Show all lines from the data that include the word "ready".

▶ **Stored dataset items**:
Start of Block

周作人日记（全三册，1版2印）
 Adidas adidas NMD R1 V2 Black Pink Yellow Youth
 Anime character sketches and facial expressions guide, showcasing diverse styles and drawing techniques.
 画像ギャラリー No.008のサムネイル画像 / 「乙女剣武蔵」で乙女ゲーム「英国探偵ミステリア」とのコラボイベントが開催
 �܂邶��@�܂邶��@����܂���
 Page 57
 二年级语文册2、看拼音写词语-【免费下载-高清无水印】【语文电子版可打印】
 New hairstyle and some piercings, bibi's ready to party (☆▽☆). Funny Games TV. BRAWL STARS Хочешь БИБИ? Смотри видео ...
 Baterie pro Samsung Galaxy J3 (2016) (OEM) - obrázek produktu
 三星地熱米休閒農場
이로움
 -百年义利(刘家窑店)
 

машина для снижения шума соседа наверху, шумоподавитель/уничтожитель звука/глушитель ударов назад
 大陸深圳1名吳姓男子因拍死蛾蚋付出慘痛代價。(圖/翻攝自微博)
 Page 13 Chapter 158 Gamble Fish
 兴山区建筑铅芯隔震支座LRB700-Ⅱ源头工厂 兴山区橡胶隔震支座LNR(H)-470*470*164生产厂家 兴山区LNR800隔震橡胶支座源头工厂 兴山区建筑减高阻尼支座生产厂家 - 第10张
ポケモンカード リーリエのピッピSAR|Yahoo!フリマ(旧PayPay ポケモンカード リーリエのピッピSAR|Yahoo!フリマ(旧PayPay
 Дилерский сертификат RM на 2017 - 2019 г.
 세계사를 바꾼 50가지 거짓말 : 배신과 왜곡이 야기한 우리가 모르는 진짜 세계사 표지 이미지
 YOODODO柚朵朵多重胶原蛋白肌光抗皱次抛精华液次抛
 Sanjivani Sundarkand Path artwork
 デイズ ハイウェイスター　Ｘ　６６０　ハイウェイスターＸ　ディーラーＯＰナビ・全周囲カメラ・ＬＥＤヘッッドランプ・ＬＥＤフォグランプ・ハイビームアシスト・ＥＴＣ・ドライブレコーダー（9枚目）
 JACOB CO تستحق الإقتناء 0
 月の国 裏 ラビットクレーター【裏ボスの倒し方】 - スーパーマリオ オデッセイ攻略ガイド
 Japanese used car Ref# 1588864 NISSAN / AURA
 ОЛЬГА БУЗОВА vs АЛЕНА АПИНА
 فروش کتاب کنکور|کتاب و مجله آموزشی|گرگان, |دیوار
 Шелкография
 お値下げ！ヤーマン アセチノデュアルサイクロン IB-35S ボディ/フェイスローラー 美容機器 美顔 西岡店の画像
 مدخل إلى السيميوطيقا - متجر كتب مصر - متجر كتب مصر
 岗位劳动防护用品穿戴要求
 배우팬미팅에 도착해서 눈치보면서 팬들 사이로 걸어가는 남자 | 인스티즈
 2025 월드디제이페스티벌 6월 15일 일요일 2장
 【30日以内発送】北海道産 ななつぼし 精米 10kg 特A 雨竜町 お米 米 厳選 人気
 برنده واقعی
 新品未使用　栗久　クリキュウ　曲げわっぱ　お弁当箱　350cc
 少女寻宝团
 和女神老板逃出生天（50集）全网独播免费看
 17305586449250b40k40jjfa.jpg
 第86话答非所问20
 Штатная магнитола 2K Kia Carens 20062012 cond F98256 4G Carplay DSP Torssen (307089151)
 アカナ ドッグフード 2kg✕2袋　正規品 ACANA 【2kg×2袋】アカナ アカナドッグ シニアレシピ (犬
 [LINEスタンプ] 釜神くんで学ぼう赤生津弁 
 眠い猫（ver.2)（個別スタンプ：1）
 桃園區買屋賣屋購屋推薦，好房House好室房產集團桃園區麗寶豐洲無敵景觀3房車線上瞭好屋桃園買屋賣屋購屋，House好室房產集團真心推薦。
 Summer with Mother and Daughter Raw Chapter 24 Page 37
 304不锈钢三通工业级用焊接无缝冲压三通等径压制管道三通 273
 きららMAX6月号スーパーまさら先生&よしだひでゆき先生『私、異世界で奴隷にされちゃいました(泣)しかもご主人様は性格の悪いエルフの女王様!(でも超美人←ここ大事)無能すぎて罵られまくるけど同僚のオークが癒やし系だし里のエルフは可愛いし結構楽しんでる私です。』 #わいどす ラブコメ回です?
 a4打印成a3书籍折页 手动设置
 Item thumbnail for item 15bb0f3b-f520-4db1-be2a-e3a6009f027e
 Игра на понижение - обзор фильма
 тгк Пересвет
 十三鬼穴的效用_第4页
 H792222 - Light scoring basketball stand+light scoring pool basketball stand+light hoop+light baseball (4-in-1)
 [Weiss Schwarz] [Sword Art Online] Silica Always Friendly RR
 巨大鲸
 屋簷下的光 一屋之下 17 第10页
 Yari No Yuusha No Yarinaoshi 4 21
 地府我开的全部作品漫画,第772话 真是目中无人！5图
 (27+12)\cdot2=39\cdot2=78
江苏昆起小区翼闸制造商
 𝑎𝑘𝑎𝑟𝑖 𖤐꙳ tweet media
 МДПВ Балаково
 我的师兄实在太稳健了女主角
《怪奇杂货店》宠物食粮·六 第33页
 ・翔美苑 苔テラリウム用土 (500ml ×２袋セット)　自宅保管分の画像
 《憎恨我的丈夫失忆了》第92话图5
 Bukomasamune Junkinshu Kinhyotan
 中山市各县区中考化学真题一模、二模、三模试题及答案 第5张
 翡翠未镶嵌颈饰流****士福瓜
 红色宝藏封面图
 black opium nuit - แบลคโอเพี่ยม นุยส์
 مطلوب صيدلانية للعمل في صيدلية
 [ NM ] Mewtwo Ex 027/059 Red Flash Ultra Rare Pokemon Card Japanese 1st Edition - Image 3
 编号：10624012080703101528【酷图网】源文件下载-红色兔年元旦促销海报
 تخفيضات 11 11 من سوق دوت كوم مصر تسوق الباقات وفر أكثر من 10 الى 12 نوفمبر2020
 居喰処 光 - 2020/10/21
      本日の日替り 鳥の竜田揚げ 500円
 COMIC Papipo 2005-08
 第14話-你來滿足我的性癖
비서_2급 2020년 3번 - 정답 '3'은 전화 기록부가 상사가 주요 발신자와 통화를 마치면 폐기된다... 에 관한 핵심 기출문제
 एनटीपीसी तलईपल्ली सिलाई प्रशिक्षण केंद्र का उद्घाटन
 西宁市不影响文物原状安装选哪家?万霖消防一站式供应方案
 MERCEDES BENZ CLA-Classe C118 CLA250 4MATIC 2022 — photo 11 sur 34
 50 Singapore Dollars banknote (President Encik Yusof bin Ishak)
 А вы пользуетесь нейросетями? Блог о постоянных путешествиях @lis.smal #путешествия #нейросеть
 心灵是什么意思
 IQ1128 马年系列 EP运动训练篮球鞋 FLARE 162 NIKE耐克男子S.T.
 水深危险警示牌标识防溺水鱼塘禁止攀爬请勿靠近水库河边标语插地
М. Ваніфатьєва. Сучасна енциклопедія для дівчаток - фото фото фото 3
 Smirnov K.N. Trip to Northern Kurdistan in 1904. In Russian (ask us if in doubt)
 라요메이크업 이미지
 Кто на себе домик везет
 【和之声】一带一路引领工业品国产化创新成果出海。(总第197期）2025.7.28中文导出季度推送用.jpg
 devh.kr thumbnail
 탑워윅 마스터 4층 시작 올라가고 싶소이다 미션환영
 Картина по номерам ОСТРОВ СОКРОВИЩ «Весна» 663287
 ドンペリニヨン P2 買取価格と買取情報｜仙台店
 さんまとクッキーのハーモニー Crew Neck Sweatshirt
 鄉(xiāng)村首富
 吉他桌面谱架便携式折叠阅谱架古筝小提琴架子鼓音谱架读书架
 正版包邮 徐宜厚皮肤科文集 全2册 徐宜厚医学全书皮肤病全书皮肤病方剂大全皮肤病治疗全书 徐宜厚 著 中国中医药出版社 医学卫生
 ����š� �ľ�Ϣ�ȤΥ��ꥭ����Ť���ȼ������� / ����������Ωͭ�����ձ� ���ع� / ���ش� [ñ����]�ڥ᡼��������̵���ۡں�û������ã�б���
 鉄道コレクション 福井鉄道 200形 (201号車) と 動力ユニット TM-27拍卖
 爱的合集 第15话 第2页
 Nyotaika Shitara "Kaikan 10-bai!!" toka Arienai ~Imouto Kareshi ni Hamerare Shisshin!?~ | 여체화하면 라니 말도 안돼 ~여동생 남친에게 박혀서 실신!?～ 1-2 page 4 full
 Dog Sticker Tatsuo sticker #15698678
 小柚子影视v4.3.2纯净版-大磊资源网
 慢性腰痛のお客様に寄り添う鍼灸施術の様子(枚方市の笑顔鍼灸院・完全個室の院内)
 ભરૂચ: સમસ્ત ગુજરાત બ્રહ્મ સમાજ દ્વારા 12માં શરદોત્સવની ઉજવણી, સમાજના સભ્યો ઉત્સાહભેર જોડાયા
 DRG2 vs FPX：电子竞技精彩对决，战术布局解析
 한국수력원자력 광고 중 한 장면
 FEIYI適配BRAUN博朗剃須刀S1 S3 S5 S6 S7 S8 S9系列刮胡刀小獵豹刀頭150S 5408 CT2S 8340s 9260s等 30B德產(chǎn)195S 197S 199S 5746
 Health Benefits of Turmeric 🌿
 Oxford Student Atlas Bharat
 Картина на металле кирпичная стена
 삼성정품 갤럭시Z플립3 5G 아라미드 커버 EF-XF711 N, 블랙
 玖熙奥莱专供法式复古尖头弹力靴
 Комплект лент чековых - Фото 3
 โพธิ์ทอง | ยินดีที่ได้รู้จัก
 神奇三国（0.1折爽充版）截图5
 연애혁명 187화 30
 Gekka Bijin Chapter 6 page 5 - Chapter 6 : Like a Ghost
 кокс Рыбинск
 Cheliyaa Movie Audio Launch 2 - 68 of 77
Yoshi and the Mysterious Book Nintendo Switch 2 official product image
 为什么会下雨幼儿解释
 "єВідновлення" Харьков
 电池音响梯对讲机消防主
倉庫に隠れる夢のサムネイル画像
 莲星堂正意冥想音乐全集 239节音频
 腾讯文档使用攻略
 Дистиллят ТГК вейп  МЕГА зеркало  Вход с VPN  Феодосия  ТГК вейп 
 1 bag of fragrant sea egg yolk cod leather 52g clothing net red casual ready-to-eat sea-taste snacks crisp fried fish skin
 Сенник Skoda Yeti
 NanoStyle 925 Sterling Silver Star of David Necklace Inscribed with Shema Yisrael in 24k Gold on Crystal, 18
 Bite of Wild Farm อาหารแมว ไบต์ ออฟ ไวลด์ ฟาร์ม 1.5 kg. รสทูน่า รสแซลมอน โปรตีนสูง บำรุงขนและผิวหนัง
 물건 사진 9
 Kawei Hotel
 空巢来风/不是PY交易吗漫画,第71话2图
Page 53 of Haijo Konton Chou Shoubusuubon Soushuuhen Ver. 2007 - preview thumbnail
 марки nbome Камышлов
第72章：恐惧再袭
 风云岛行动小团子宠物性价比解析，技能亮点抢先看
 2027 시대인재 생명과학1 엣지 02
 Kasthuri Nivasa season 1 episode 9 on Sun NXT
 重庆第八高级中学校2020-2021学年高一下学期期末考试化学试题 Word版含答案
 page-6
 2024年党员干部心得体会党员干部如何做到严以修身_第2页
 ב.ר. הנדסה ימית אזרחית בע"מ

End of Block

▶ **SOLUTION TO THIS PROBLEM**:
 New hairstyle and some piercings, bibi's ready to party (☆▽☆). Funny Games TV. BRAWL STARS Хочешь БИБИ? Смотри видео ...
 1 bag of fragrant sea egg yolk cod leather 52g clothing net red casual ready-to-eat sea-taste snacks crisp fried fish skin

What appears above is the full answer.